[SciPy-dev] Numpy example for arctan2 perhaps wrong/misleading/confusing?

Samuel John scipy at SamuelJohn.de
Mon Jun 9 10:56:39 EDT 2008


Hi David!

On Mon, Jun 9, 2008 at 3:56 PM, David Huard <david.huard at gmail.com> wrote:
> One thing that you should know is that all "ufunc" (universal functions) are
> defined as functions operating on scalars. Numpy then wraps these functions
> such that they can process ndarrays of any shape element by element. This is
> what is explained in the help(arctan2) documentation.

I see the point for arctan and other functions with a single argument, but not
for arctan2, especially. It needs two arguments and if I want to
compute the result of the vectors a=array([a1,a2]) and b=array([b1,b2]) like

arctan2(a,b)

what I get is are the two results as if I would have written:

array([ artcan2(a1,b1), arctan2(a2,b2) ])  #Note, this is NOT (a1,a2)
or (b1,b2) !!

If you know this and distribute your vector entries over two arrays, the
broadcasting may be very useful. (As it is for many other functions!)

It would be perhaps nice to call arctan2 with just ONE array argument
and have a broadcasting like this:
 arctan2( array([[a1,a2],[b1,b2],[c1,c2]]) )
 --> array([arctan2(a1,a2), arctan2(b1,b2), arctan2(c1,c2) ] )

and arctan2( array([x,y]) ) --> arctan2(x,y)
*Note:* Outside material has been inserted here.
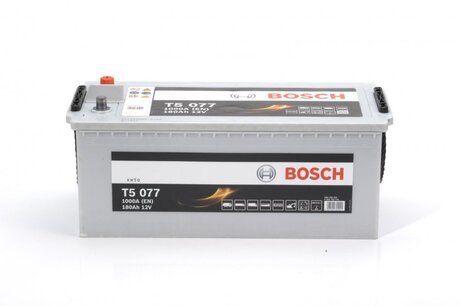 Акумулятор BOSCH 0092T50770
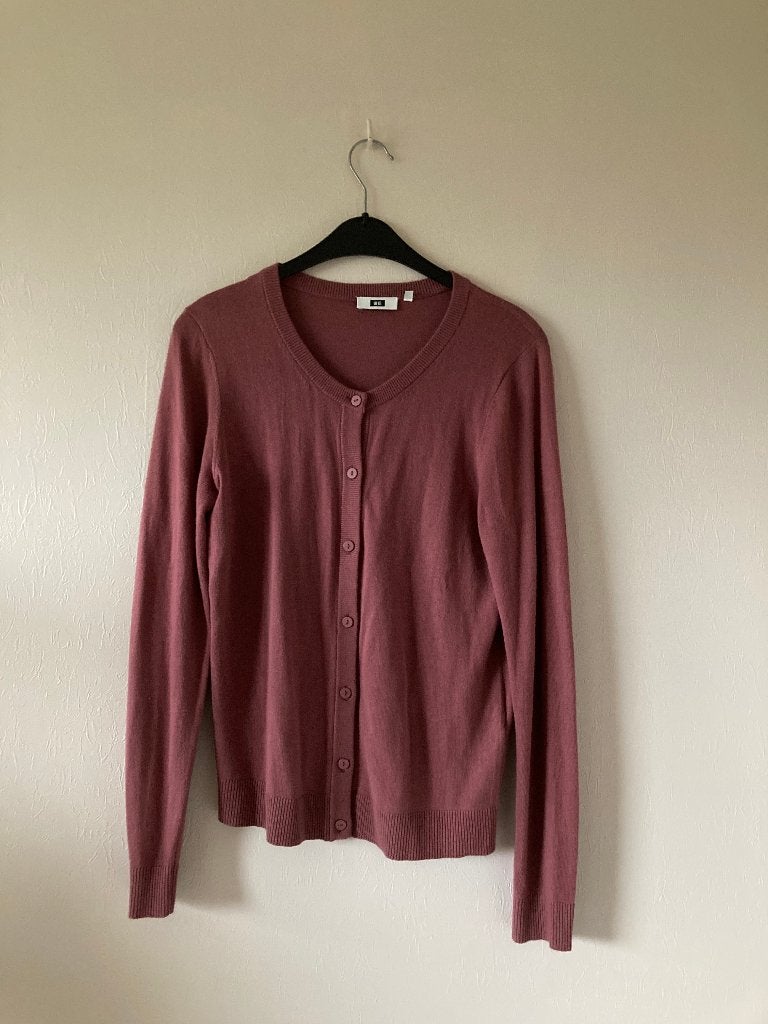 Cardigan, WE, maat Medium, WE, Ophalen of Verzenden, Zo goed als nieuw, Maat 38/40 (M)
> As for the example, maybe a way to avoid confusion would be to give an
> example with scalar arguments first to show the basic behavior, and then an
> example using ndarray broadcasting.

I would argue to show just the scalar version in the example and leave out
the broadcasting version, because it makes less sense here, doesn't it?
Is there any fancy matrix-or-whatever notation, that really makes up a
good example for broadcasting with arctan2?

cheers,
 Samuel

PS: I am not against the current broadcasting scheme. It is perfectly ok.